Although a large majority of evangelical Christians agree that they should share their faith, most report that, actually, they don’t. That’s not really all that surprising given today’s pluralistic cultural setting. Research shows that a pervasive spiritual consumerism has led to a buffet approach to religion. People simply pick and choose from an eclectic assortment of beliefs, practices, and rituals. Longing for transcendence or a connection to “the god within,” postmoderns feel free to construct their own god—one that they can feel at home with and connect with on their own terms. Admittedly, it’s hard to know how to go about sharing the good news of Jesus in this context.
But maybe the stubborn longings for transcendence, connection, and a place to call home point to a backstory that makes sense of it all. If such a narrative exists, it deserves a hearing, and those who know and live this story have both the responsibility and privilege of sharing its message of hope.
The narrative of the Bible tells just such a story where God’s purpose from the beginning has been to dwell—or tabernacle—in the midst of the people he has created. Even a brief survey of the Bible reveals that the presence of God with his people is a major theme that threads throughout Scripture.

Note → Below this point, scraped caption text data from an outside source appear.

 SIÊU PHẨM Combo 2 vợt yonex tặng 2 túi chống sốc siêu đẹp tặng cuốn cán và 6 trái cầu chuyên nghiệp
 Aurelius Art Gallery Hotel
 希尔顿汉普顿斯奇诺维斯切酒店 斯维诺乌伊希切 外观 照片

The biblical story opens with God’s creation of a people who reflect his glory and a place where he dwells in communion with them. The Lord blesses the first couple, giving them access to his unmediated presence and a global commission to fill the earth with worshipers. Tragically, their subsequent rebellion results in a broken world and eviction from God’s presence in the garden-sanctuary. Intriguingly, God’s presence among his people is not only the goal of God’s mission. It is also the means he uses to redeem both people and place.

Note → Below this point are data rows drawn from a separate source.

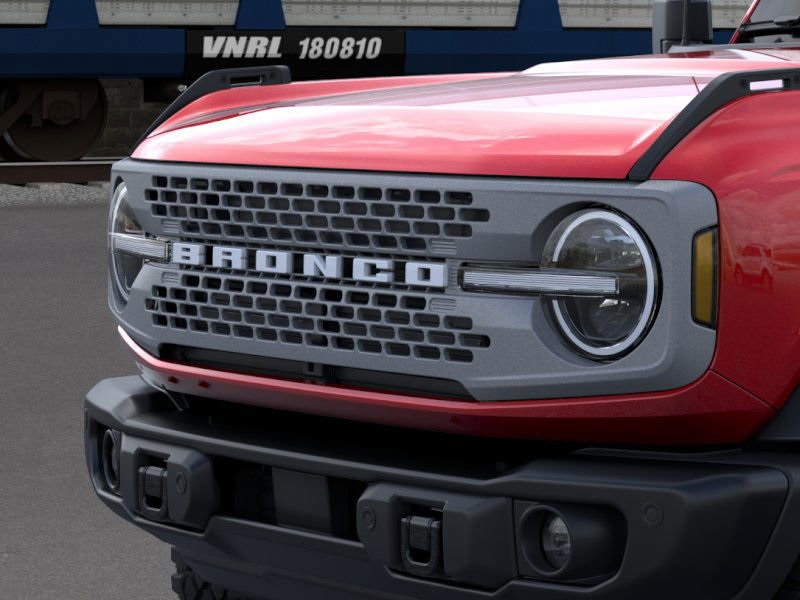 2025 Ford Bronco Badlands photo 14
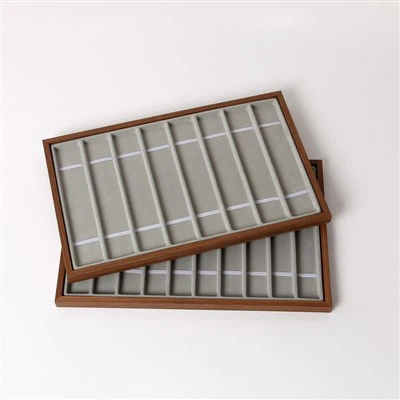 Dulang Paparan Kalung Barang Kemas Indah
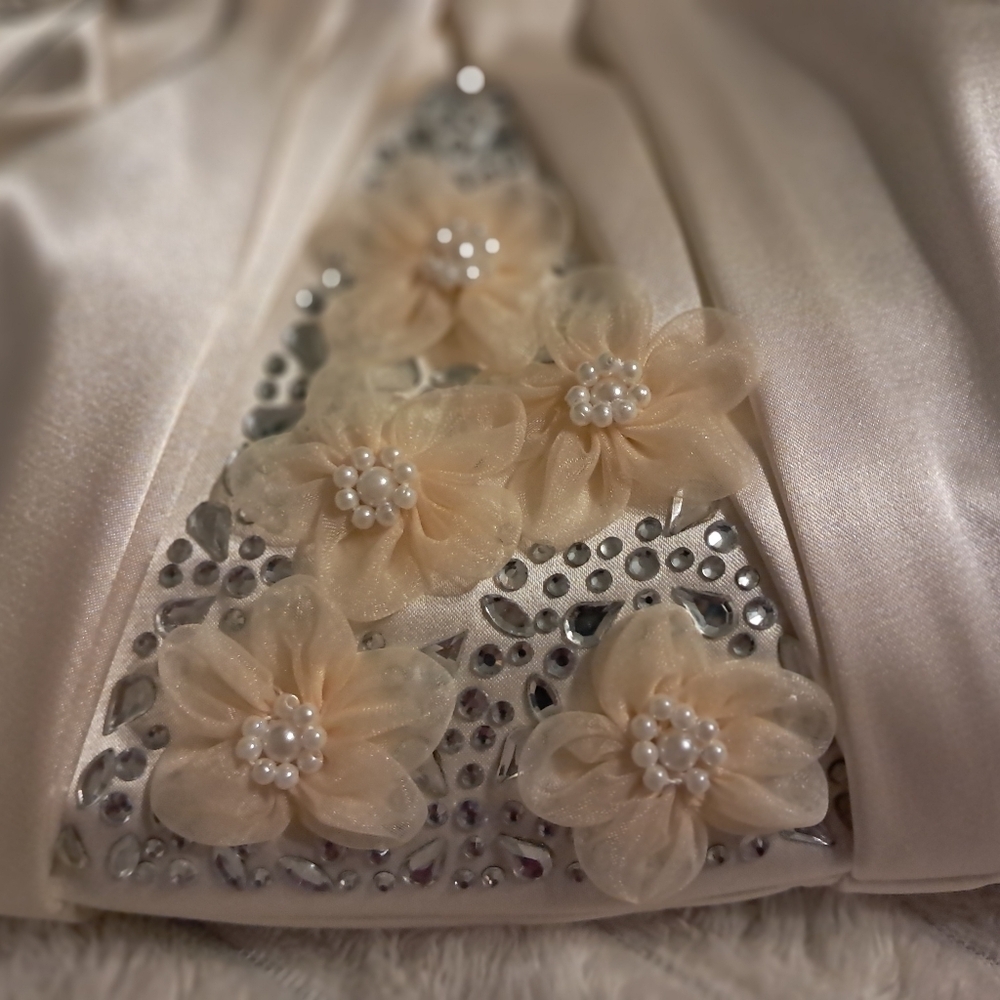 Badgley Mischka Off White Clutch and Crossbody with Floral Embellishments - Picture 4 of 8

The Old Testament traces God’s mission in terms of his presence with his people. Almighty God encounters the patriarchs in unexpected places that become temporary shrines. Rescuing his people out of slavery in Egypt, the Lord condescends to tabernacle in a tent in the center of their community. He later plants his people at the crossroads of the world and takes up residence in the Jerusalem temple so that all nations will acknowledge the God who lives in their midst. When his people ultimately fail to display his character, the Lord vacates and destroys the temple, scattering his people among the nations. But even then, the Lord himself serves as an invisible sanctuary for the exiles and returns a remnant that rebuilds the temple. Every one of these Old Testament sanctuaries anticipates and prepares the way for a day when the meeting place between God and man is no longer a place, but a person.
In the New Testament, the story of God’s mission takes a quantum leap forward as God the Son tabernacles among his people in a tent of human flesh. Bearing the sins of humanity on the cross and rising from the dead, Jesus Christ makes a way for forgiven sinners to enter God’s presence. At Pentecost, God pours out the Spirit of Jesus on his followers, and the church is born. In a breathtaking turn of events, human hearts—individually and corporately—have become the very temple of God, the place where God makes his home on earth. The Lord continues to build his church with those from every tribe, language, people, and nation on earth. The Bible closes with a sneak preview of the goal of God’s mission accomplished: a new heaven and earth where God dwells in the midst of his redeemed people forever.
Until that day, God’s presence with his people remains absolutely central to the mission of the church. Believers need to learn to frame the biblical narrative so that the unchanging gospel resonates with the unmet longings of this culture. More importantly, however, Christians must re-awaken wide-eyed to the wonder of God’s tabernacling presence in our midst. Jesus has made his home in our hearts!
The indwelling Spirit empowers and compels us to witness with our lips, as we boldly and joyfully share the story of Jesus. But it is our lives that lend credence to our words. We must live in such a way that others recognize the reality of his presence and power as well as his character and compassion in our lives. We must take the time to worship and commune with the God who dwells in us.
The Apostle Paul describes the impact that God’s presence in the midst of his people can have on a watching world. If an unbeliever encounters the Spirit-led worship of the assembled church and hears God’s Word proclaimed, he may come under conviction. Falling on his face in worship, he will exclaim, “God is really among you!” (1 Cor 14:24–25). The world desperately needs not only to hear the gospel proclaimed but also to witness the presence of God in the midst of his people.